╭─ SUPPLIED DATA
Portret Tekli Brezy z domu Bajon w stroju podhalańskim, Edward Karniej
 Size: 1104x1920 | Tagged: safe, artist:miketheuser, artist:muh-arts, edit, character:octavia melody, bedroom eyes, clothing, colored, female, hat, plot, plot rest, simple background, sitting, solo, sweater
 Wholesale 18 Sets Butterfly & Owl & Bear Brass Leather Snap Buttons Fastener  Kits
╰─
_INSTRUCTIONS FOR THE TASK_
Please return the full listing exactly as it appears.

_ANSWER TO THIS TASK_
Portret Tekli Brezy z domu Bajon w stroju podhalańskim, Edward Karniej
 Size: 1104x1920 | Tagged: safe, artist:miketheuser, artist:muh-arts, edit, character:octavia melody, bedroom eyes, clothing, colored, female, hat, plot, plot rest, simple background, sitting, solo, sweater
 Wholesale 18 Sets Butterfly & Owl & Bear Brass Leather Snap Buttons Fastener  Kits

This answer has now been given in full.